**Evaluating solutions to intractable problems**

There are many relatively easy and quick-to-solve problems. But there are also many that are just plain hard. In such a scenario, when a problem is unsolvable exactly in practice, we are usually happy enough to have any solution which gives results close enough to the optimum.

This type of problem makes for a great test: giving a programmer an impossible task and seeing how close they can get to solving the unsolvable. It takes lots of creativity and intuition.

**Sample challenge**

Imagine the following real life setting of the following: the so-called Dominating Set Problem. Let's say there are some cities connected by roads. There is only at most one road between any two cities (so some cities are not connected directly). A company which sells smartphones would like to take over as much of the market as possible. To do that they would have to own a store in some cities, so that for every city there either is a store in this city or in a neighboring one. Of course, the company wants to spend as little money as possible so the number of cities in which they will build a store should be minimal. Having a map with cities and roads, the programmer's task is to determine in which cities the company should build a store.

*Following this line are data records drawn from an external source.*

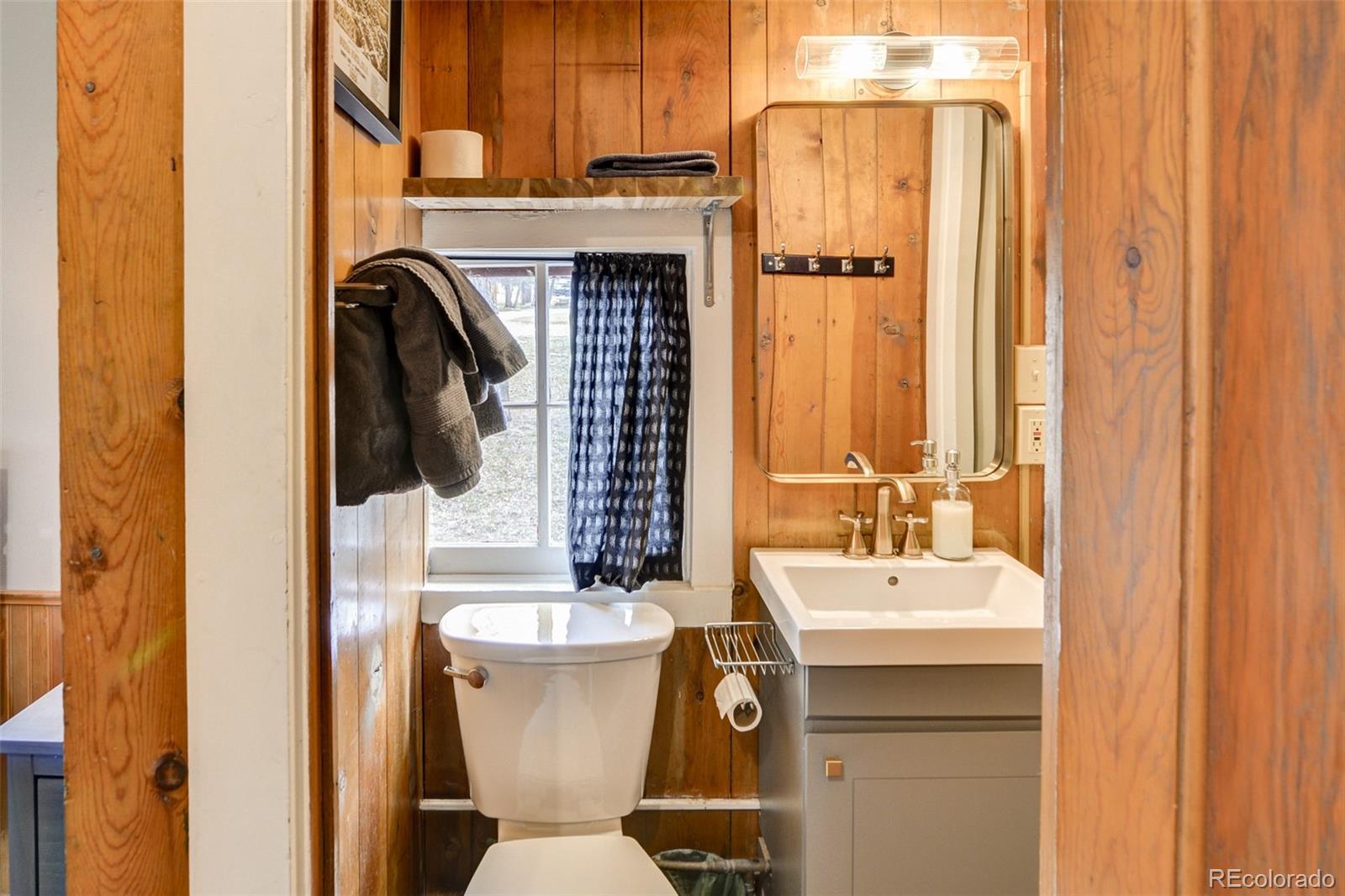 226 S San Juan Avenue Unit: 9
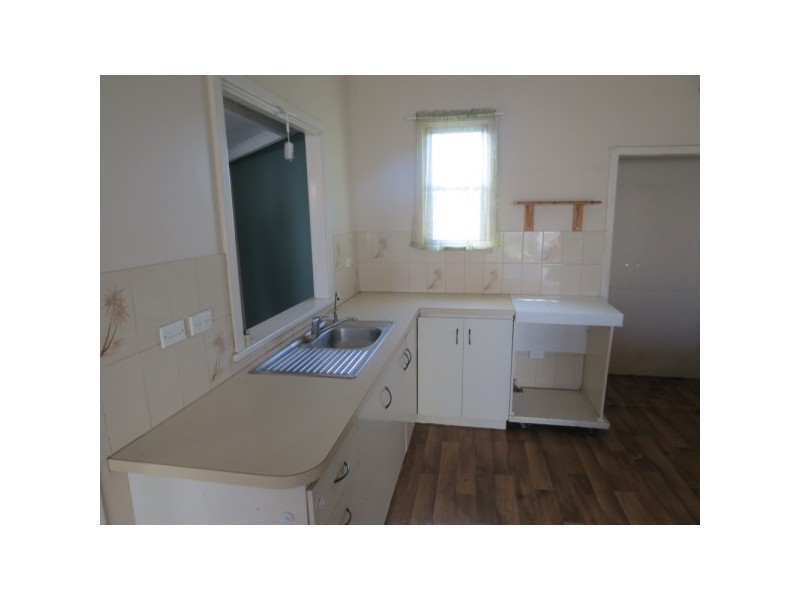 4 William Street, Geraldton WA 6530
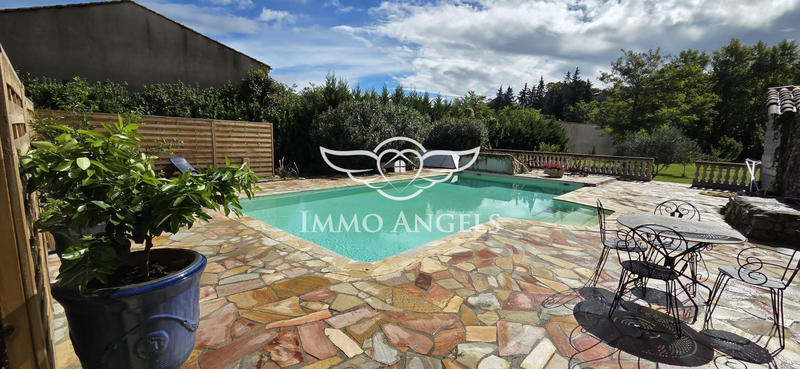 Mas - 246 m² - 10 pièces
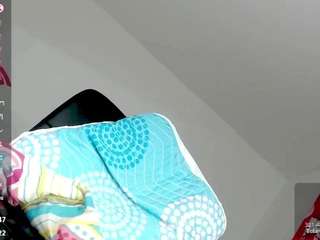 evelin-bittch666... Live Webcam on CamSoda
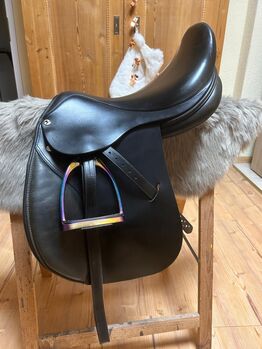 Busse Bistrol VS Sattel 17 Zoll inkl. Steigbügel guter Zustand, Busse Bistrol, Matthias Zimmerer, All Purpose Saddle, Erbendorf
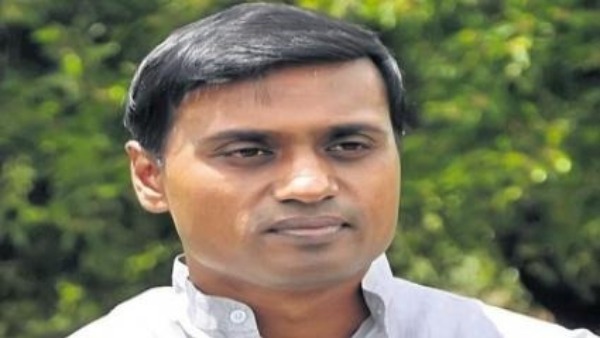 మిధున్రెడ్డి, చెవిరెడ్డికి సర్కార్ ఊరట మిధున్రెడ్డి, చెవిరెడ్డికి సర్కార్ ఊరట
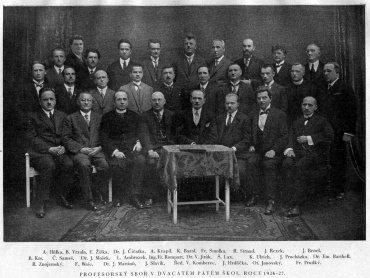 Profesorský sbor české státní reálky v roce 1927/1928. Výroční zpráva české státní reálky za rok 1927/1928.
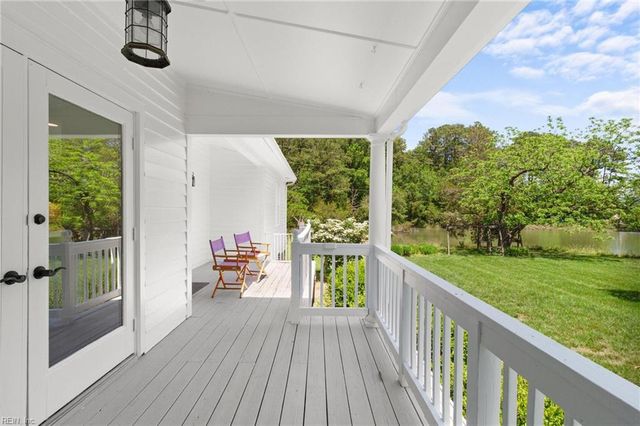 5523 White Hall RD, Gloucester, VA 23061
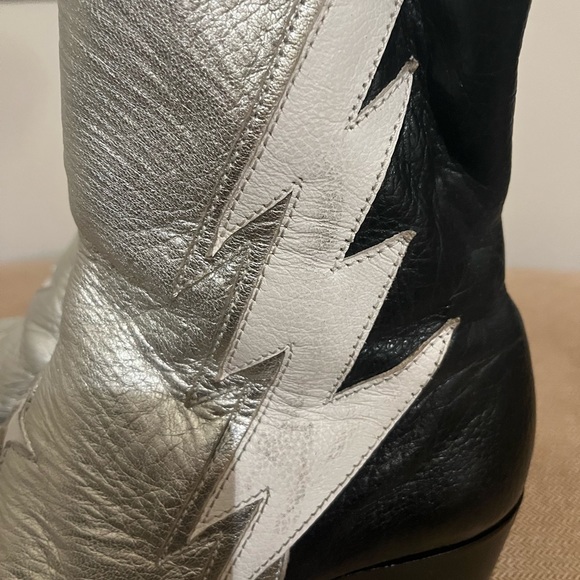 Modern vice the original bolt boot. Size 5.5/35. Metallic silver and black. - Picture 6 of 7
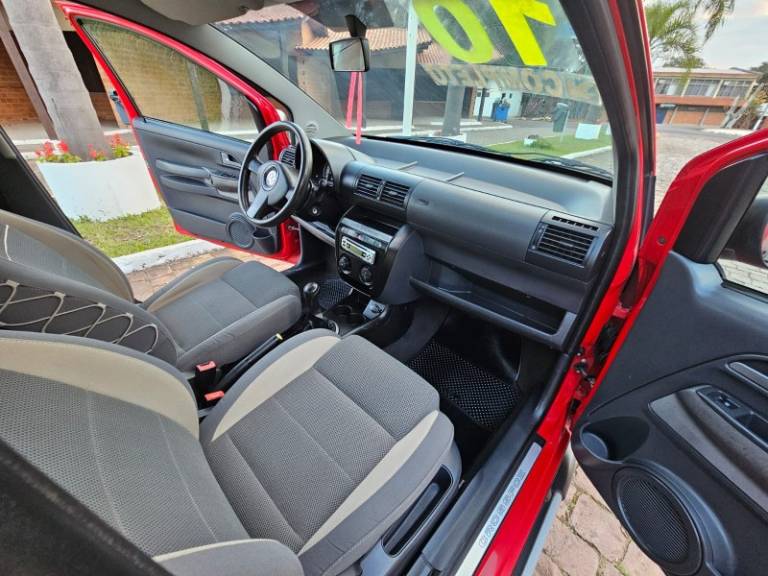 VOLKSWAGEN - CROSSFOX - 2009/2010 - Vermelha - R$ 39.900,00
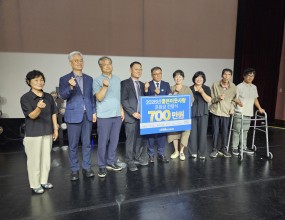 완주군사회복지협의회, 좋은이웃사랑 후원금 모금을 통하여 700만원 전달식을 가졌다.&nbsp;사회복지의날 기념식을 통해 '좋은이웃들'사업이 완주군 내 소외계층 발굴 및 민간사회복지자원의 연계협력을 추진하고 있다는 사실을 홍보하고&nbsp;이 사업을 통해 발굴된 취약계층 생활 주거 의료 지원등을 맞춤형 지원하기 위해 후원자 8명이 십시일반 모금에 동참함에 전달식을 진행하였다.&nbsp;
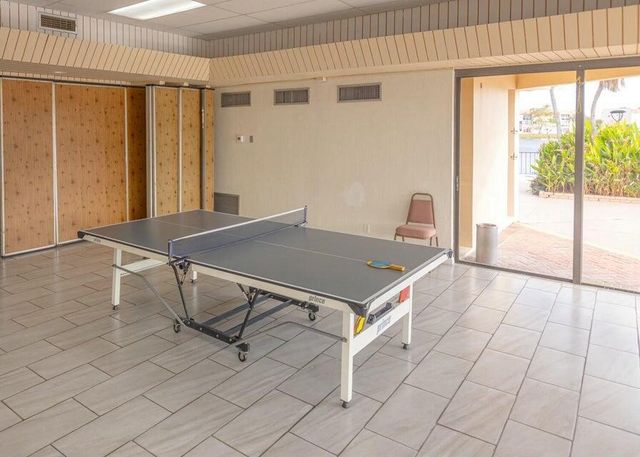 3091 E Sun Sunrise Lakes Drive E 207, Sunrise, FL 33322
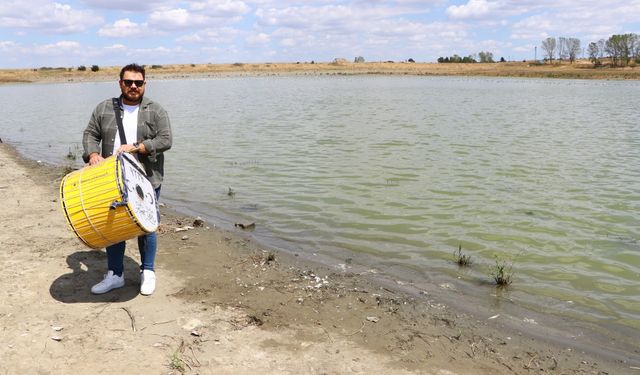 Tekirdağlı müzisyen su seviyesi düşen gölette davul çalarak tasarruf çağrısı yaptı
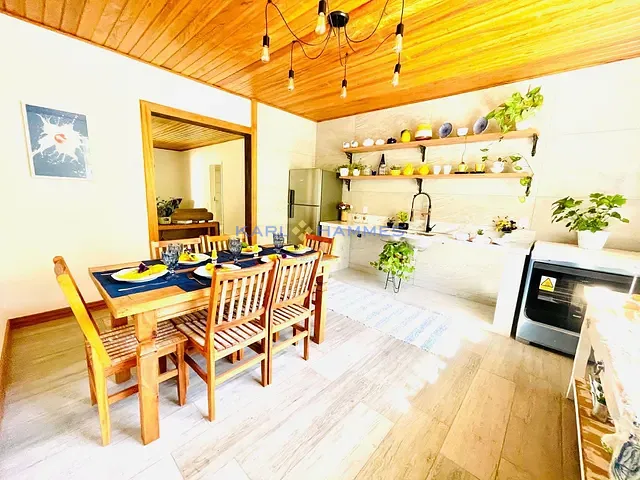 Casa com 2950m² 4 quartos e 6 banheiros, à venda, no bairro Pedro do Rio em Petrópolis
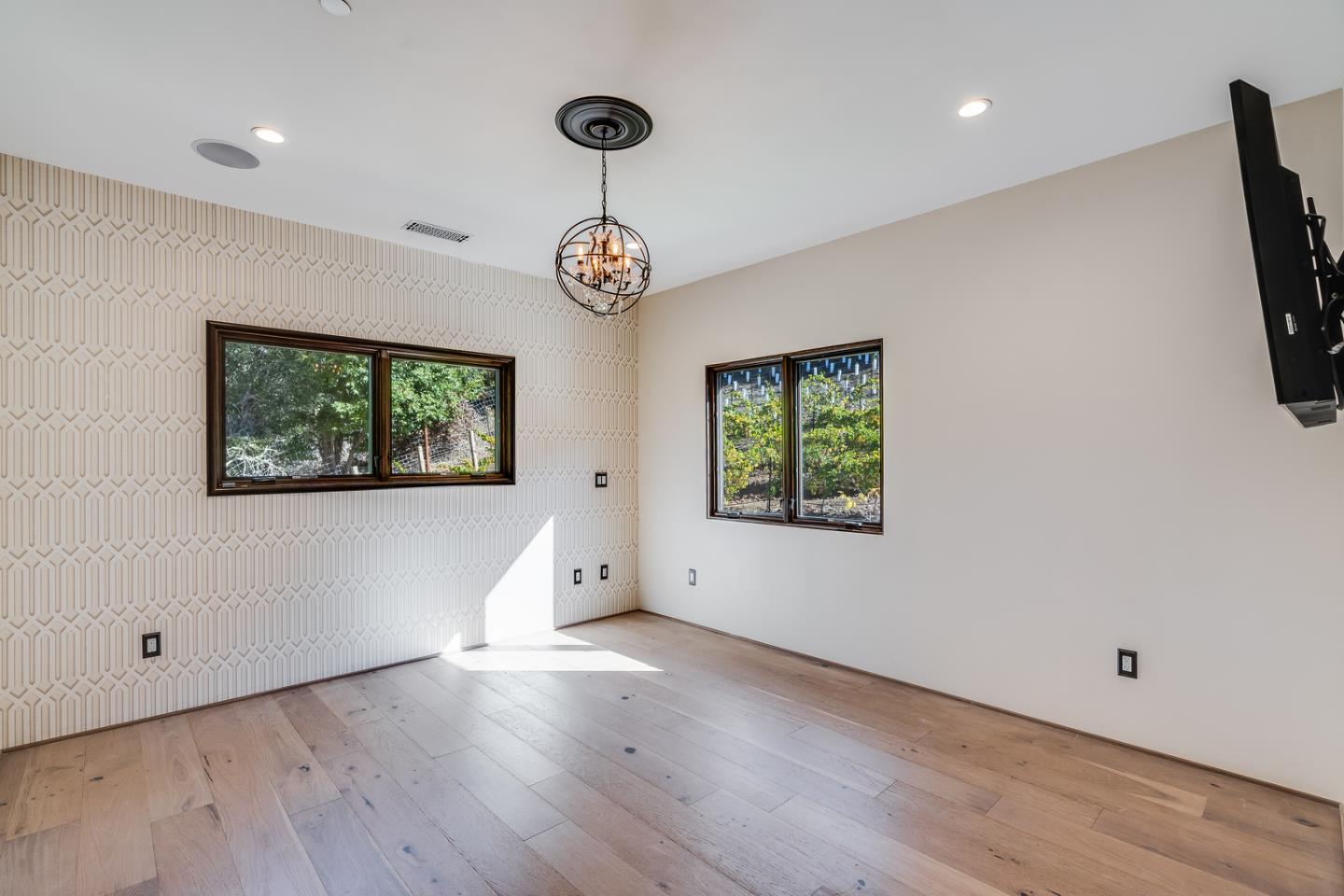 13740 Pierce Road Saratoga, CA 95070 - Photo 39 of 100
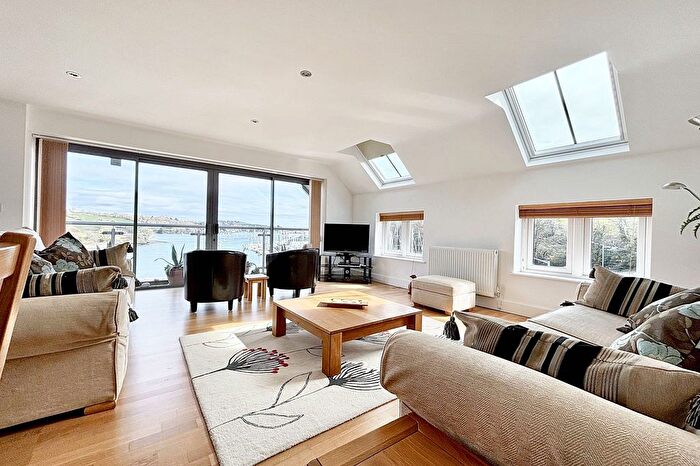 2 Bedroom Flat For Sale In Quay Hill, Penryn, TR10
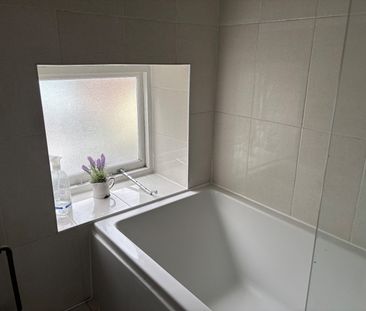 2 Bed Flat, Shooters Hill Road, SE3 - Photo 5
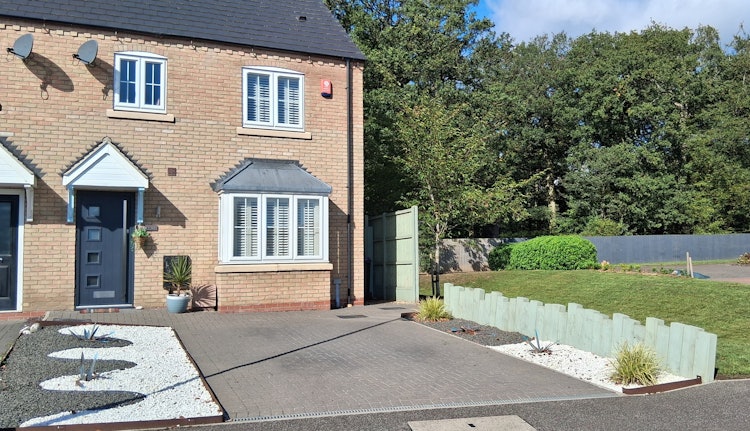 3 bedroom semi-detached house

All known exact solutions to this problem will take more or less forever to calculate the answer for a large number of cities. One way to approach the problem would be to plow through (almost) all possible sets of cities and check whether they constitute a valid solution - but this would take very long. The programmer may, however, skip most of them, still getting a good result and cutting calculation time dramatically.

##### Input

The first line contains the number of cities **n** (n < 20000). After that there comes a
description of the road connections of each city starting from city number 1 to city number **n**. Each city is described
in two lines. In the first one, there is only the number of the city's neighbours. In the second one, there is a list of its neighbours.

##### Output

The first line should contain one number - the number of cities in which the company should build stores. The second line should contain a list of those cities.

##### Scoring

For each test, the programmer receives as many points as the number of cities in which stores needed to be built, provided that the solution fulfills the requirements. Thus, the smaller the score is, the better the program.

##### Example

**input**
7
2
2 5
3
3 5 6
1
6
1
5
0
1
7
**output**
3
2 4 7
**score**
3

Illustration of the input

**Comment to the example**

As you might have noticed, the output above is not the optimal solution.
Two cities are enough to fulfill the requirements: city 5 and city 6.